Publishing to an existing form
To publish to an existing form requires knowledge of how the form
is structured. In particular the names by which of the input fields
are identified is needed. This can usually be determined by inspecting
the HTML which describes the form.
The primary field is the file, which if a user were filling in the
form manually would show as a button which opens a box to select a
file and is represented in HTML by (for example):
<input type="file" name="file" />
The form handler may also require other fields to be completed:
for example the name of the person submiting the form. When automated
by Ensembling the file field is, of course, filled in as the most
recent version of the published document. Other fields can be filled
in with text you provide or with certain information about the
document (for example the name of the person who added it).
Some web forms require a site log in to access them. These
credentials can be provided as part of the publication
information.
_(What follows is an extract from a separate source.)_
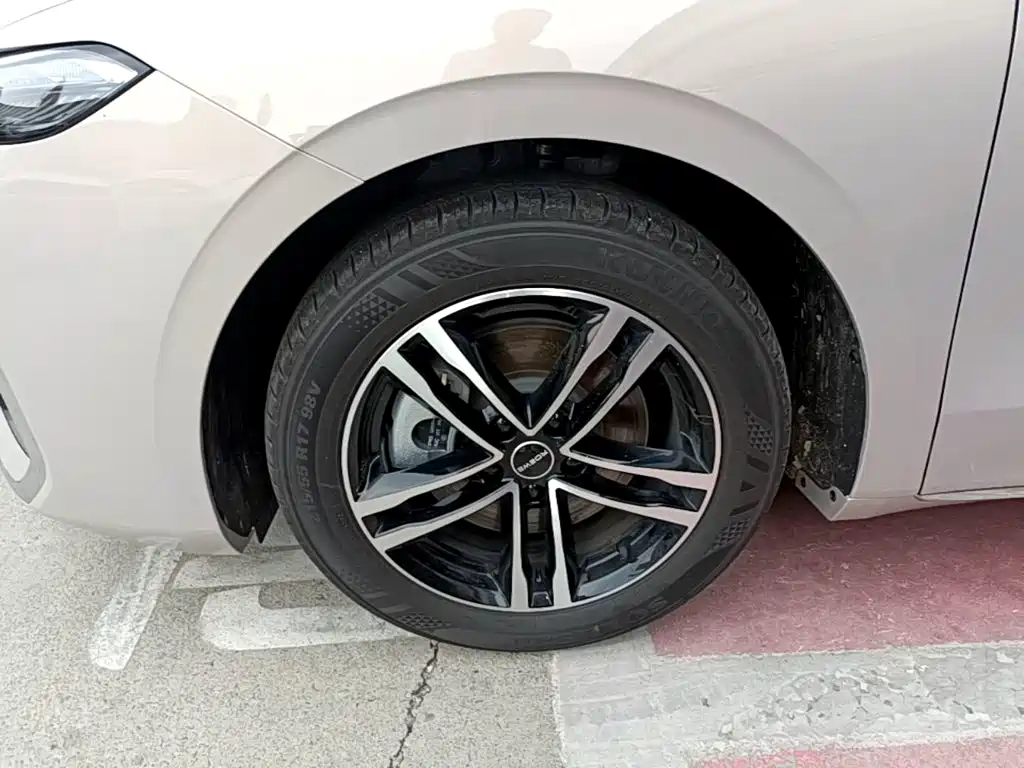 Roewe M7 DMH 2026 2025 1.5T 115km Standard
However it is not possible to do this with forms that
require a log in on a separate page. In technical terms, we support
Basic Auth and Digest Auth, but not session based log ins. Another
form that would be problematic is where a field is required whose
value is provided by the web page which displays the form: this is
sometimes done with a hidden field or a "captcha" or "nonce" which changes every
time, specifically to make it hard for robots to fill in the form.
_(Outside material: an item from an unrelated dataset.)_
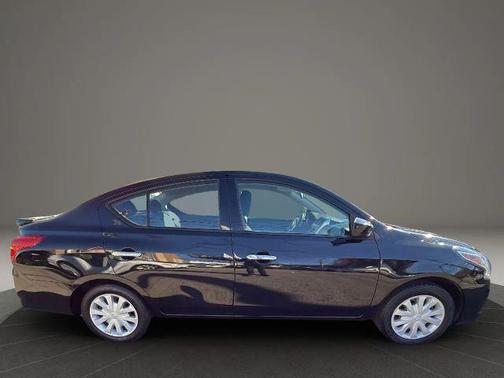 2015 Nissan Versa 1.6 SV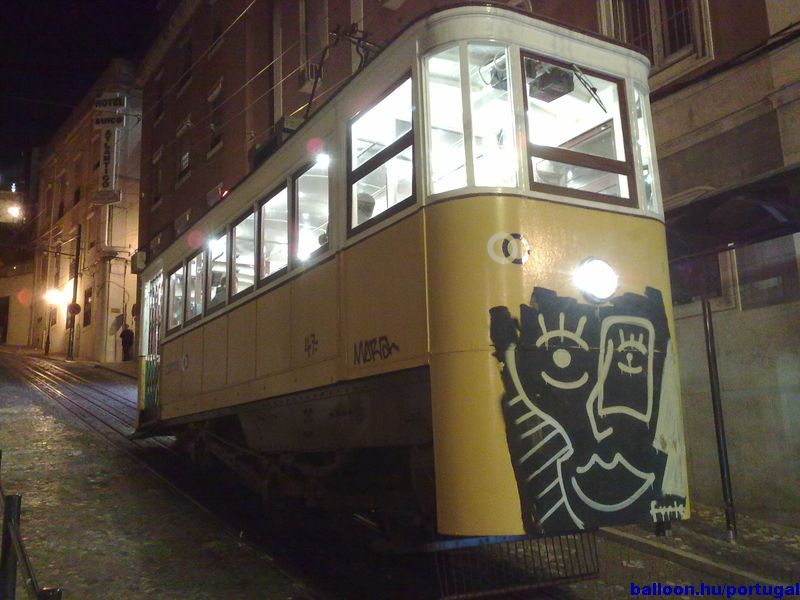 34._Funicular_in_Lisboa.jpg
Publishing to a custom script
Where the server is under your control, things are simpler. A
small script modelled on the
PHP example provided (link opens new window or tab)
can receive a file and put it where required.
When this is set up specifically to communicate with Ensembling,
there are some checks that can be made to avoid intruders uploading
arbitrary files:
- You can protect the form with a log in using
Basic Auth
or Digest Auth
(Apache
configuration details).
- You can easily check that the source of the file is
Ensembling's IP address.
- You can provide Ensembling with a 'shared secret'. Ensembling uses
this as a key to encrypt a random
number. The random number in clear text and its encryption are both provided, so the
recipient can encrypt the plain number using the secret key and
compare it with the encrypted text to validate the transaction.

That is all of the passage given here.